ME: “…if you say it again, I’m going to have to stop seeing you.”
Suffice it to say, I’ve never backed out of a room so quickly in my life!
I wish I could tell you the drama ended there, but alas it did not.
After a couple weeks of endless texts, begging me to reconsider my position, with little to no response from me, a few days passed and I hadn’t heard from him. I was thinking he had finally moved on, but no…he found me again online and told me that his roommate had confiscated his phone and deleted my number, so he’d stop texting me! He actually asked for my number again. Hmmm, yeah, not so much!
I tell you this story, to demonstrate the habit so many of us have, of getting invested in a potential relationship far too quickly. I am not immune, I’ve done it myself…once! ;)
Now, imagine with me, if you will, you have $1M to invest, would you invest the entire $1M in the shiniest new company on Wall Street, with little to no demonstrated revenue growth or without checking the bottom line? Of course you wouldn’t, because it’s too high of risk. You may invest a minimal amount initially, but surely wait until the company had a proven track record and, in the meantime, watch its performance closely and do the appropriate research, before investing big.

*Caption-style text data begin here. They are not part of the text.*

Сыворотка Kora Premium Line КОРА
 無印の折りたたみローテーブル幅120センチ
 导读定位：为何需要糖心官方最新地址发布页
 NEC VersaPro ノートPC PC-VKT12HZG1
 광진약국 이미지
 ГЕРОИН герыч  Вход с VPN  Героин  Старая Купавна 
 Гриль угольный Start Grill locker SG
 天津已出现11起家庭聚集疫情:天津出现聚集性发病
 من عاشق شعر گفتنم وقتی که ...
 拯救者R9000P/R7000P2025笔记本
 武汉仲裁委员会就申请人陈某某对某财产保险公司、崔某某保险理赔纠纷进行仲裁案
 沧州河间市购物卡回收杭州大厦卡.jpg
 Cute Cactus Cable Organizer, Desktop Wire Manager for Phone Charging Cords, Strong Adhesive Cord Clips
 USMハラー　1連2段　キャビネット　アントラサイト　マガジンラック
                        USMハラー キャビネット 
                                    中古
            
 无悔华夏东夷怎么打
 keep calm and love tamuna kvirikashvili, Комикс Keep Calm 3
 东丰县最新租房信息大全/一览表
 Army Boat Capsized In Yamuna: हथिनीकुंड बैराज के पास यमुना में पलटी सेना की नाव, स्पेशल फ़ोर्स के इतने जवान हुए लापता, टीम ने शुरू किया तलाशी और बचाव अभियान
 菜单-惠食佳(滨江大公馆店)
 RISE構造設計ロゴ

I’m sure we can all agree, it is prudent to begin new financial ventures with some degree of caution, and dating is no different. Just like investing is a complex process of analyzing your personal financial situation and balancing it against your goals and objectives, to determine your risk tolerance, one can approach dating in much the same manner.
What is your risk tolerance when it’s your heart you’re investing? Is your heart worth $1M? What is your risk capital? How much of your heart are you willing to invest initially, to avoid total devastation, if you experience a loss? What are your investment objectives? Do you have clarity regarding the person or relationship you are seeking?
The next time you meet that seemingly ideal person online, or go on a first date, or even a second or third, simply relax and enjoy the process, stay open to the possibilities, but don’t invest your heart so quickly or deeply! Remember, in the event things turn out less than ideal, it’s easier to recover from minimal investment. As a matter of fact, consider diversifying your dating portfolio. Spreading your risk around decreases your overall exposure to any single investment. With appropriate diversification, the probability of total loss is greatly reduced. This comes back to the preservation of capital.
Perhaps you’re already invested, but you’re seeing red flags. For example; you’re feeling disrespected. Well, my lovelies, if you feel disrespected, you’re likely being disrespected. I know it’s not easy to walk away from a situation you’ve invested your heart in, but when you stay, you’re telling yourself that the situation, or the other person in the situation, is more valuable than you are. And we both know that’s not the case, don’t we?
When you lay your head on your pillow tonight, I want you to ask yourself this question:
“What is my value?”
And then I want you to answer yourself:
“Self, you are precious, you are significant, you are like no other and you are loved!”
If you don’t believe yourself, then I want you to repeat this question and answer period, every night, until you do!